● **To do**
Tally the lines below that contain the word "with". Only the number should be returned.

● **Data shown**
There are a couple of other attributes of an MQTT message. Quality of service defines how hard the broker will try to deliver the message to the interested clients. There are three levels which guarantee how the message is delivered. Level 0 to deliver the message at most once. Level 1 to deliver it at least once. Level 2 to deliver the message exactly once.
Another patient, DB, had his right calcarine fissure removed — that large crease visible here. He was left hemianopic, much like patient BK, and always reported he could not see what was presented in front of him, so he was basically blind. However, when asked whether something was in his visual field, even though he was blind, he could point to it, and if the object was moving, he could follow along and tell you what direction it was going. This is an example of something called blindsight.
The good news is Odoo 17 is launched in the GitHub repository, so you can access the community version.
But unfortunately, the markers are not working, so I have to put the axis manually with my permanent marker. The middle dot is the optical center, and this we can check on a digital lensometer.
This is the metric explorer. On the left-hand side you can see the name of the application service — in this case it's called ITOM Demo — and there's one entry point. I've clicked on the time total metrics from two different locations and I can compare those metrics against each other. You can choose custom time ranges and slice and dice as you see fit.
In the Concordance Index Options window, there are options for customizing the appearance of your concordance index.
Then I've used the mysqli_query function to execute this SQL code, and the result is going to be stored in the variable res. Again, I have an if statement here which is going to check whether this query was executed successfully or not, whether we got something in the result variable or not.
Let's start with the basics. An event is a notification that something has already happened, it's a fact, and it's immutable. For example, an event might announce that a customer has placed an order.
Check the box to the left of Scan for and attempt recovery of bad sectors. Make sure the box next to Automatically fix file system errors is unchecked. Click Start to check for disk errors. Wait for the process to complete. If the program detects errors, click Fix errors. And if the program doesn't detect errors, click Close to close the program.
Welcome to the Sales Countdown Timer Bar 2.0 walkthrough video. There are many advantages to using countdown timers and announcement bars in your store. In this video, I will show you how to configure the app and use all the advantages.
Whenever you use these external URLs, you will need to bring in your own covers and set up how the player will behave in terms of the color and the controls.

● **Written response**
2